BEGIN

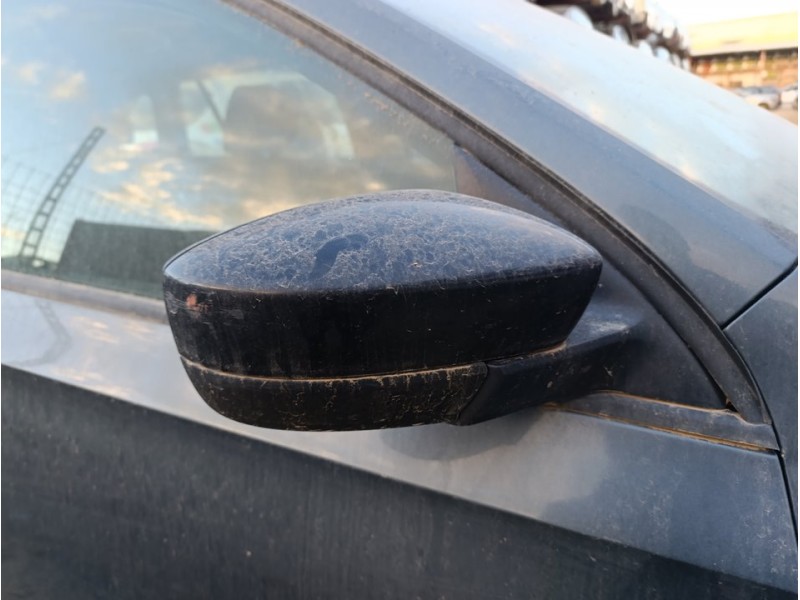 Recambio de retrovisor derecho para skoda rapid active referencia OEM IAM   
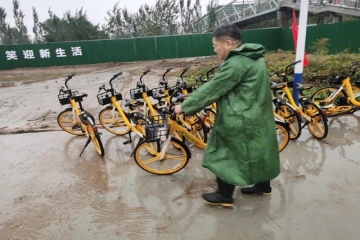 暖心校长为学子保驾护航 风雨之中见证科院力量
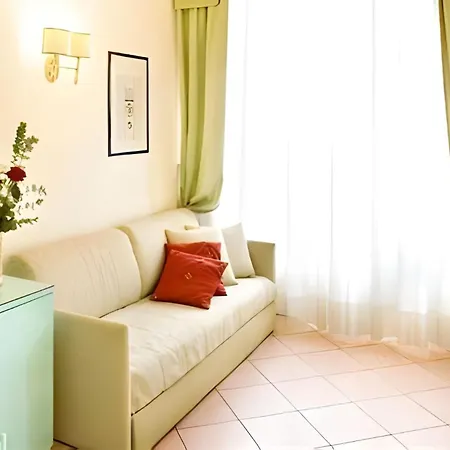 Отель Eden Park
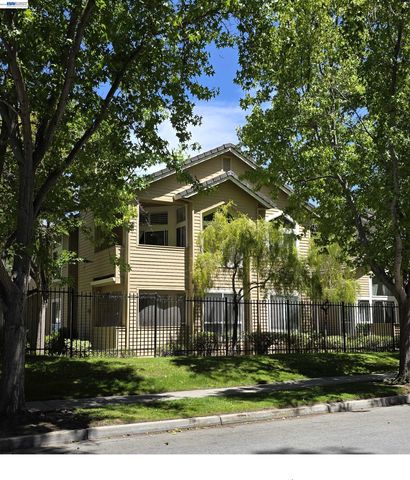 5246 Tacoma Cmn, Fremont, CA 94555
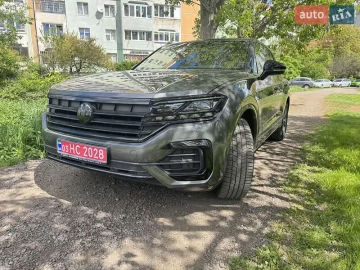 Авто Volkswagen Touareg 2021 № 7653066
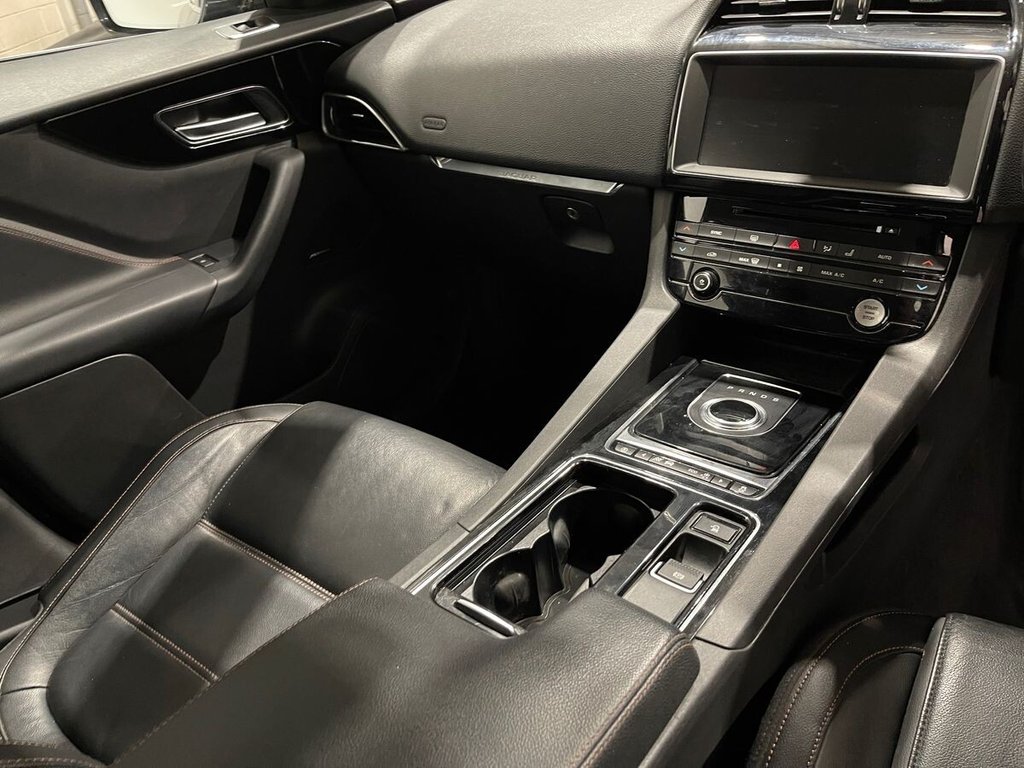 Used Jaguar F-Pace 2017 for sale - 76698408: Photo 16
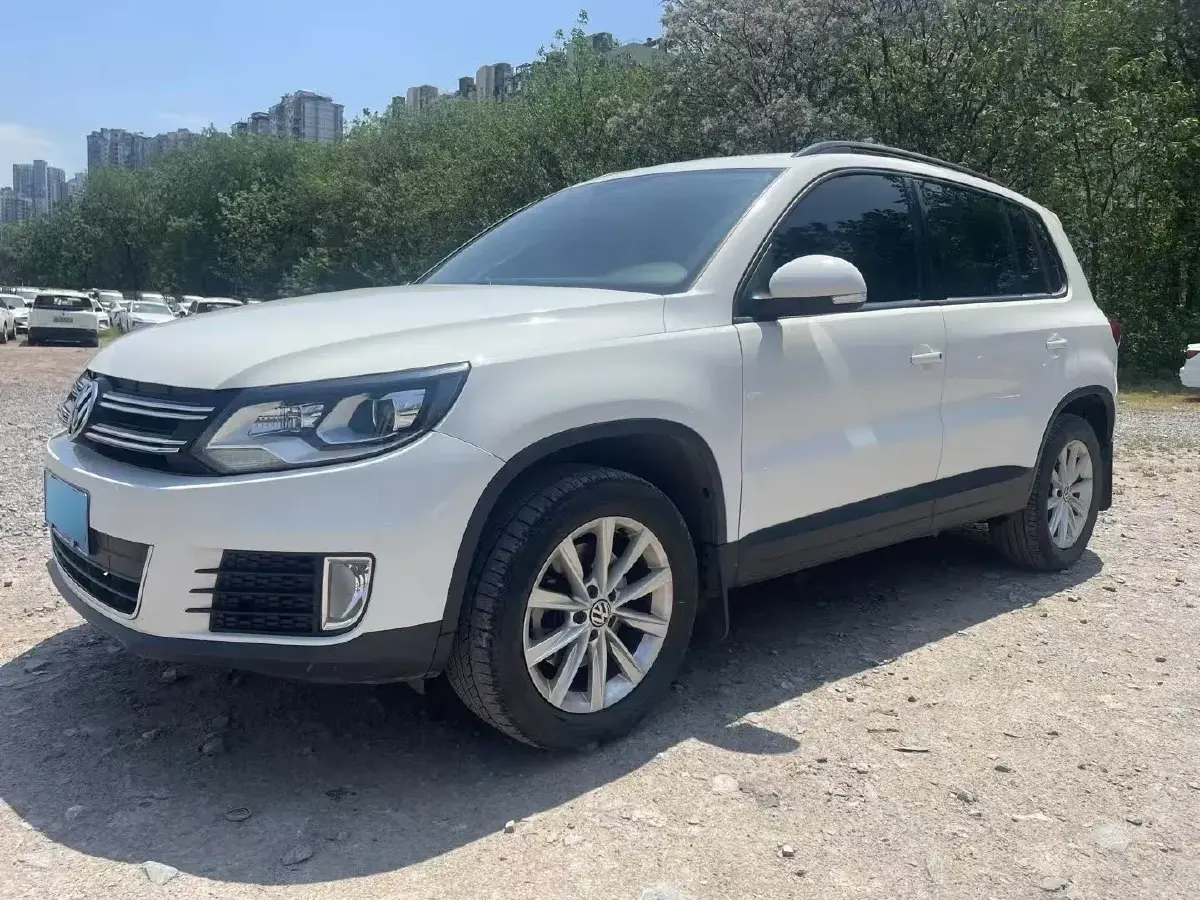 2017 Volkswagen Tiguan 1.8T 160HP L4 6AT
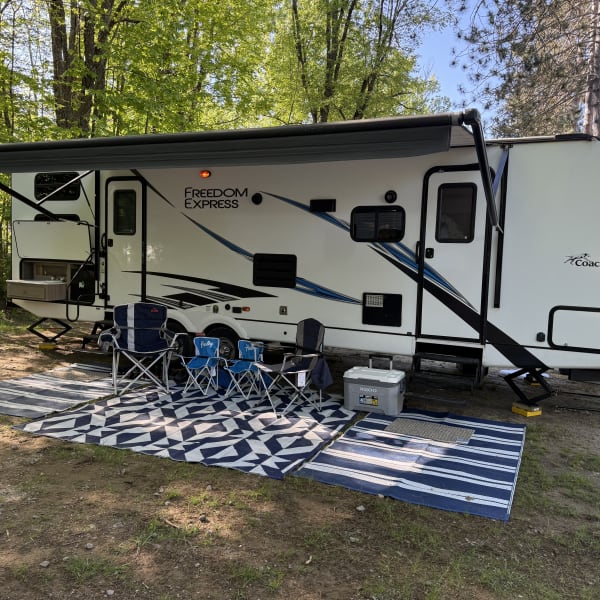 2021 Coachmen Freedom Express Select Travel Trailer available for rent in Merrimack, New Hampshire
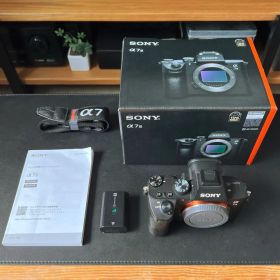【美品】SONY α7iii ボディ 本体 ILCE-7M3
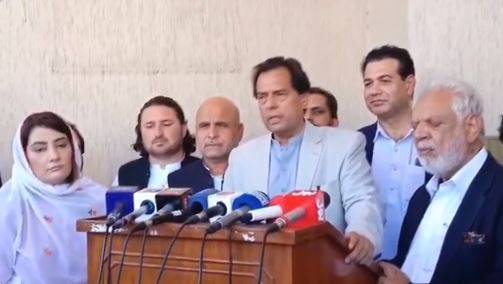 عمران خان جتنی عیاشی جیل میں کر رہے ہیں اتنی پوری زندگی نہیں کی: کیپٹن صفدر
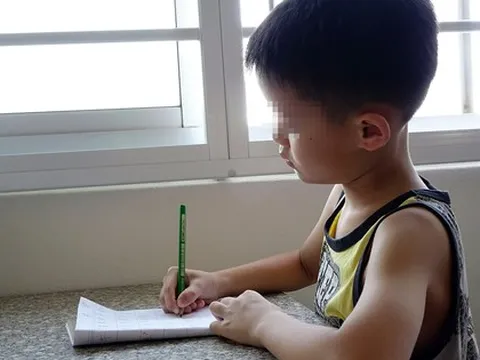 Bé trai 10 tuổi thủng màng nhĩ khi nghe bố giảng bài tập về nhà
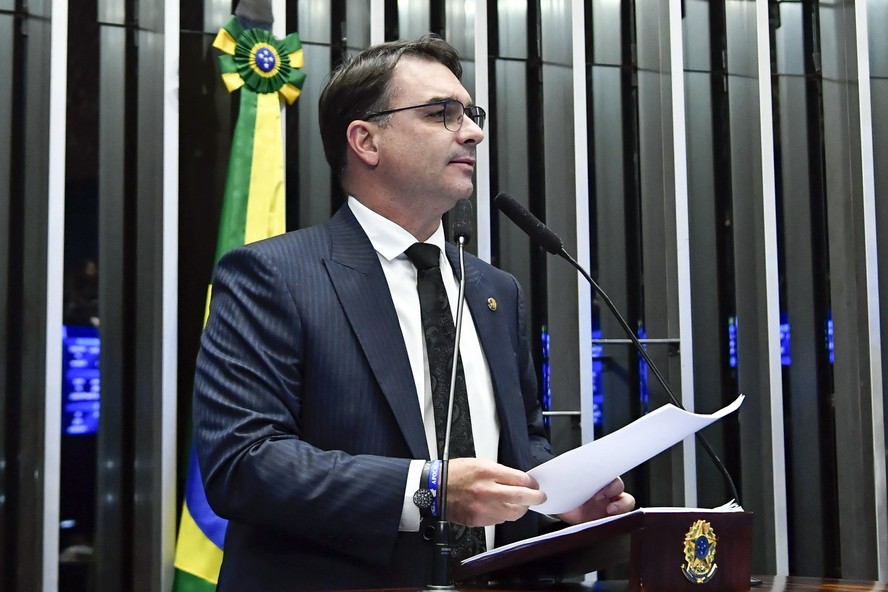 Especial! Flávio Bolsonaro fala da relação do pai com os filhos, Brasil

END

- [WHAT THE TASK REQUIRES] Write out every line of the entries above exactly, and omit their pictures.

- [WRITTEN ANSWER]
 Recambio de retrovisor derecho para skoda rapid active referencia OEM IAM   
 暖心校长为学子保驾护航 风雨之中见证科院力量
 Отель Eden Park
 5246 Tacoma Cmn, Fremont, CA 94555
 Авто Volkswagen Touareg 2021 № 7653066
 Used Jaguar F-Pace 2017 for sale - 76698408: Photo 16
 2017 Volkswagen Tiguan 1.8T 160HP L4 6AT
 2021 Coachmen Freedom Express Select Travel Trailer available for rent in Merrimack, New Hampshire
【美品】SONY α7iii ボディ 本体 ILCE-7M3
 عمران خان جتنی عیاشی جیل میں کر رہے ہیں اتنی پوری زندگی نہیں کی: کیپٹن صفدر
 Bé trai 10 tuổi thủng màng nhĩ khi nghe bố giảng bài tập về nhà
 Especial! Flávio Bolsonaro fala da relação do pai com os filhos, Brasil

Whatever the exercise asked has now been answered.